Every line from the one containing "MPG Sport Rhythm" to the one containing "陈伟霆6.胡一天5.刘昊然4.鹿晗3.杨洋2.王嘉尔1.吴亦凡" in the records below, both included, must be set down exactly, and no other line.

DATASET EXCERPTS |
#####

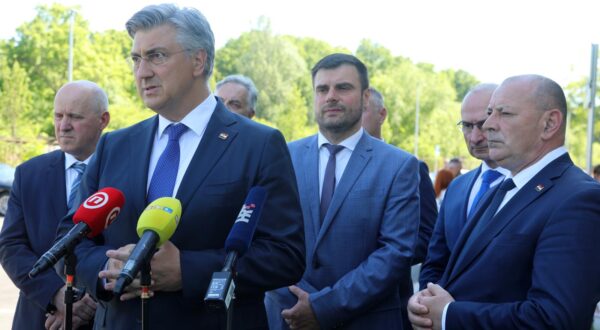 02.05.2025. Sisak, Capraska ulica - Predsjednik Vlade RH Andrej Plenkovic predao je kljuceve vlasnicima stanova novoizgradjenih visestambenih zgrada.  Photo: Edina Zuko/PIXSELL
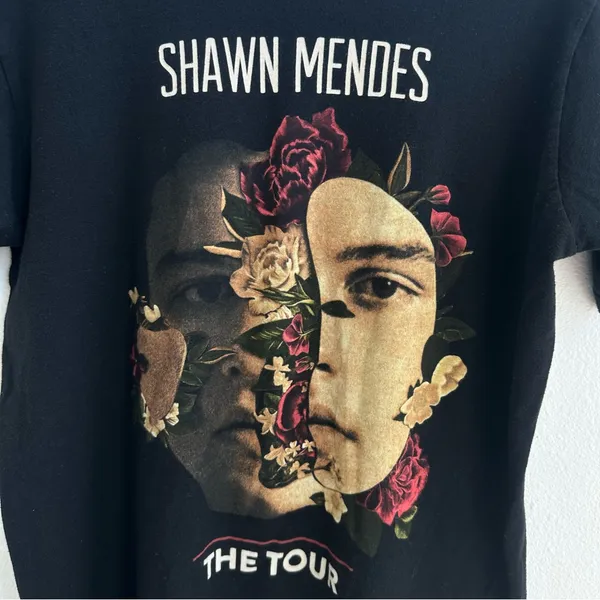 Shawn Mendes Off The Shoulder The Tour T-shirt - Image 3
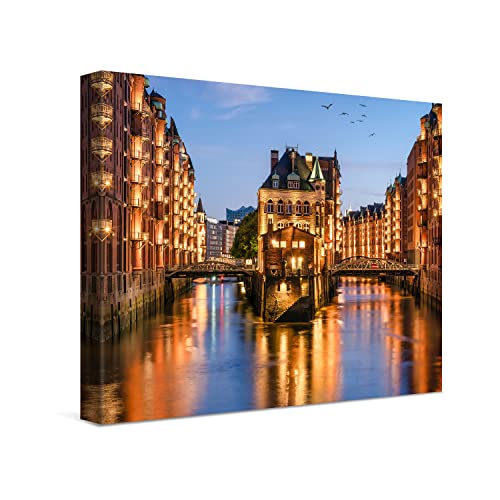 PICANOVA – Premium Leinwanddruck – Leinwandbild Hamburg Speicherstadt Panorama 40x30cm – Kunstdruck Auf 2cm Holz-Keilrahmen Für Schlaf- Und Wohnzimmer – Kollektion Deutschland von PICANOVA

#####

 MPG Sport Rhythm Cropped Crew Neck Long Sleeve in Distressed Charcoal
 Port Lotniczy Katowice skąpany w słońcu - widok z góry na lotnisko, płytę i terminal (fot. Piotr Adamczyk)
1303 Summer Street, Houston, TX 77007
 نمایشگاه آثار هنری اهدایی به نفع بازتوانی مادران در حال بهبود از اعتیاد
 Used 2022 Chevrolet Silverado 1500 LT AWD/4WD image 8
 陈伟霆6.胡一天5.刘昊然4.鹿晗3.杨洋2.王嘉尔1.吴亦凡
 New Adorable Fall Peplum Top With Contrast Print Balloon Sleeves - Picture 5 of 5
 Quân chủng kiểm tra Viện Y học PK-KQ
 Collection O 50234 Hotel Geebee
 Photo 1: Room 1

#####

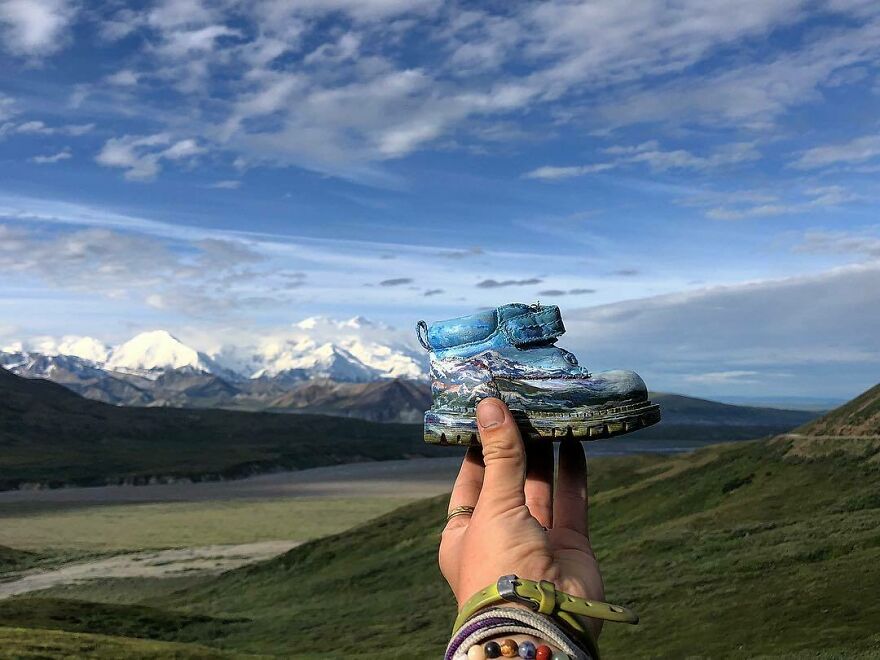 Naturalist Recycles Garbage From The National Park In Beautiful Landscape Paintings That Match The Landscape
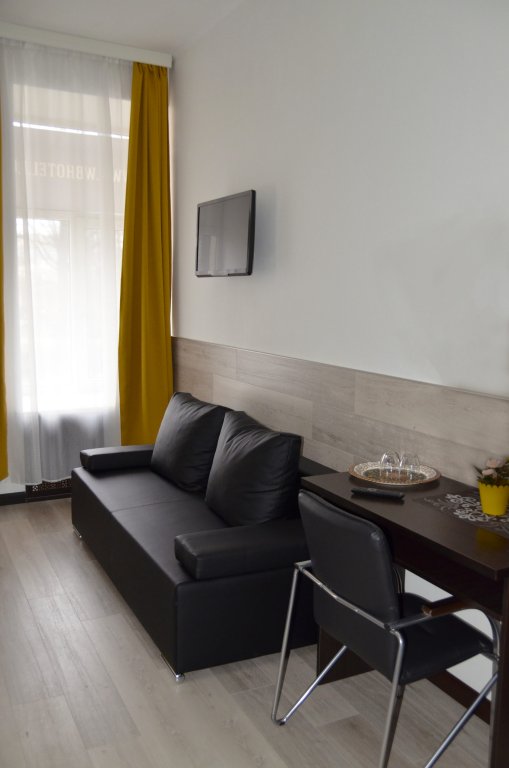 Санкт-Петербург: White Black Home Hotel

#####

RESPONSE |
 MPG Sport Rhythm Cropped Crew Neck Long Sleeve in Distressed Charcoal
 Port Lotniczy Katowice skąpany w słońcu - widok z góry na lotnisko, płytę i terminal (fot. Piotr Adamczyk)
1303 Summer Street, Houston, TX 77007
 نمایشگاه آثار هنری اهدایی به نفع بازتوانی مادران در حال بهبود از اعتیاد
 Used 2022 Chevrolet Silverado 1500 LT AWD/4WD image 8
 陈伟霆6.胡一天5.刘昊然4.鹿晗3.杨洋2.王嘉尔1.吴亦凡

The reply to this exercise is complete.